Search the entries below for "Avenue". Report each line where it occurs.

START Supplied entries

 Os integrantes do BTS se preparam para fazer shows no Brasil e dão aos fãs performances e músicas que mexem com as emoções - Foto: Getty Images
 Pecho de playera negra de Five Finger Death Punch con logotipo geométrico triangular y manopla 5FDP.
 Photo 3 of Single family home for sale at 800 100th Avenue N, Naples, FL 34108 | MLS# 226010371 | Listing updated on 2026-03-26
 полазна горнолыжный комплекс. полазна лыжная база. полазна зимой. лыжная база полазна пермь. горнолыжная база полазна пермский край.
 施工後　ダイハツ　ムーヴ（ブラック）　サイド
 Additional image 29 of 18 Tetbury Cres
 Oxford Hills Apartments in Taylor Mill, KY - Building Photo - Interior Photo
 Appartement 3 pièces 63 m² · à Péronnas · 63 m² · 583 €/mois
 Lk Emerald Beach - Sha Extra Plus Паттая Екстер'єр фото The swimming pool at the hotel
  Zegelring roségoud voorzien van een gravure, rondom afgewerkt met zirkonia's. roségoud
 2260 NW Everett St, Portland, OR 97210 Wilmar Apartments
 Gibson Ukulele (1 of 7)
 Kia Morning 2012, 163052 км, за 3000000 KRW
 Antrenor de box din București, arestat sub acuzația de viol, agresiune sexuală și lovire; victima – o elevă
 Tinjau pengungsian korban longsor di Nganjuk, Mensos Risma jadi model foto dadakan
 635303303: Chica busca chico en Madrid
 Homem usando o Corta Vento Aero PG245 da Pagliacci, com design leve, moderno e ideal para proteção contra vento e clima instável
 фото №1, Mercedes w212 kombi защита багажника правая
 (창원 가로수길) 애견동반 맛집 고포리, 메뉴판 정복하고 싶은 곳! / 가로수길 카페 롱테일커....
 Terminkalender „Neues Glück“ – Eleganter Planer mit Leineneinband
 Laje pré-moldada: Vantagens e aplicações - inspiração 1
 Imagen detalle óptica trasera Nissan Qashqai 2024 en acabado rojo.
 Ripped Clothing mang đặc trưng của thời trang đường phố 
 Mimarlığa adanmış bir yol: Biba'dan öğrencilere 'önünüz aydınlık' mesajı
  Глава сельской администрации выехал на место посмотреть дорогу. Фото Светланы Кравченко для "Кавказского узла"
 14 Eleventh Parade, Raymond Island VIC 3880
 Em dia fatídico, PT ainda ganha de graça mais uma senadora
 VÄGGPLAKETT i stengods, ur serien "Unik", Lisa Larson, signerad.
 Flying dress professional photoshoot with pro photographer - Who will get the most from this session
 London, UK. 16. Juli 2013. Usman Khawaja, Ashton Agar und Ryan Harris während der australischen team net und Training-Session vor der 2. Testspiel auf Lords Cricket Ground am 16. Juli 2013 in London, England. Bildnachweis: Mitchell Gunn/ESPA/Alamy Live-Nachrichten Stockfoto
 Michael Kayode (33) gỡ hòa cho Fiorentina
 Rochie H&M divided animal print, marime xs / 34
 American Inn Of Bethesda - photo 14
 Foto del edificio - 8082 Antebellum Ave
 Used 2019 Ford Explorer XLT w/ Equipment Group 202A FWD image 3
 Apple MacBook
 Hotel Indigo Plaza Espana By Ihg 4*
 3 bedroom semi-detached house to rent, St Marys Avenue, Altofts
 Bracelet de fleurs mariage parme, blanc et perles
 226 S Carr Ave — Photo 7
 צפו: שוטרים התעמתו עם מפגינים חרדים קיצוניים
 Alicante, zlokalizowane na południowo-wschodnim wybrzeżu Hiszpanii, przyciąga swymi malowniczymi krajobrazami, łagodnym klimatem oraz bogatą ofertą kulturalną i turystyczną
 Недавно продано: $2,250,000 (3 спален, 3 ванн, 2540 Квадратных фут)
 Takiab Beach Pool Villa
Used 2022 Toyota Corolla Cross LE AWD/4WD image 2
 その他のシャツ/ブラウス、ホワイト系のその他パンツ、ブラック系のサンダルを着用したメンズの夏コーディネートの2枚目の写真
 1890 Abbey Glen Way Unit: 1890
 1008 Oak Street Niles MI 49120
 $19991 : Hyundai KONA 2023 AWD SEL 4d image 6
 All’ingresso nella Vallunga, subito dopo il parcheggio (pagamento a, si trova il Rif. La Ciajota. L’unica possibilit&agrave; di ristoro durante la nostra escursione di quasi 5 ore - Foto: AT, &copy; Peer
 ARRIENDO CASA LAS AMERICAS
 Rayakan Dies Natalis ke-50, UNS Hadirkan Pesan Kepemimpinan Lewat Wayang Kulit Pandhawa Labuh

END Supplied entries

## Completed task:
 Photo 3 of Single family home for sale at 800 100th Avenue N, Naples, FL 34108 | MLS# 226010371 | Listing updated on 2026-03-26
 3 bedroom semi-detached house to rent, St Marys Avenue, Altofts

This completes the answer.